"Flying Swords of Dragon Gate" Broke Even; "Flowers of War" Became Top Grosser of 2011

Tsui Hark and the company who invested $35M into “The Flying Swords of Dragon Gate” held a celebration earlier this week when it pass $50M at the box office in China. Apparently, the film has broken even.

I had always wondered what amount it would take for a film to break even at the box office in China.

In the U.S., if a movie made back the cost at the box office, then the film will usually make a decent profit through ancillary markets: mostly from foreign box office receipts, home video sales and rentals, video-on-demand, and TV.

Now I know the answer for China: a $35M movie would have to take in $50M at the box office to break even. This means “Dragon Gate” will be a highly profitable movie. It’ll probably make an additional $30-40M before heading to home video and other revenue channels. Jet Li, who’s already by far the highest paid actor in China at $13M per picture, might get another raise.

The Flowers of War

Using the same formula, Zhang Yimou's "The Flowers of War" would have to gross $143M to break even. It's not gonna do that on theatrical. It's on pace to make $100M, but it'll need to make $43M through other channels - foreign box office, home video, and TV. That's gonna be tough. I don’t think “War” has much of an appeal beyond China. With video privacy running rampant there, I’m also not sure how much revenue the film can get from home video.
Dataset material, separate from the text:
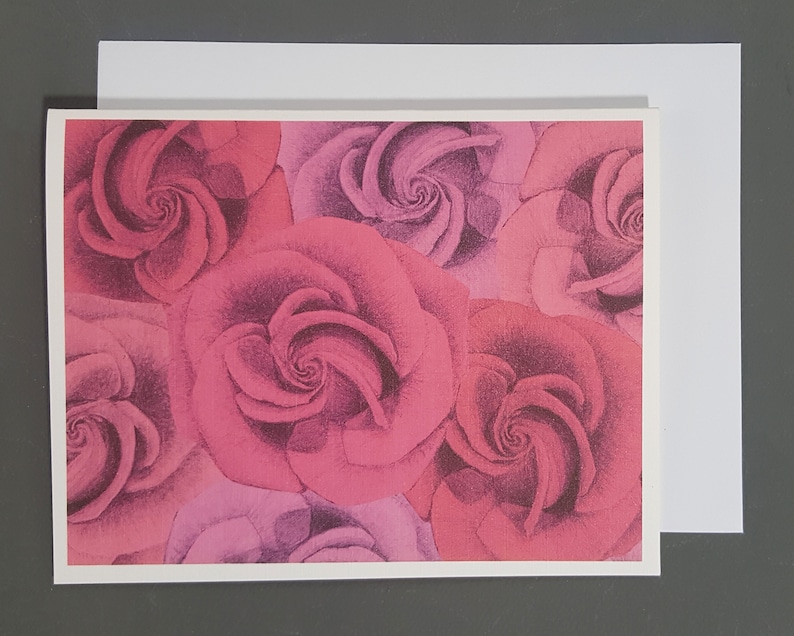 Rose greeting card Pink rose note card Everyday flower card Mother/'s day card Bouquet Card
But on to more positive news for Yimou - on Thursday, his film became the highest grossing Chinese film of 2011 after taking in a total of $66M. “Dragon Gate” will take second place by the end of the week.

Of the two films, Tsui Hark's "Dragon Gate" is more of a legitimate hit because it only cost a third of "War" and it's not far behind at the box office. As of this writing, it's already in the black.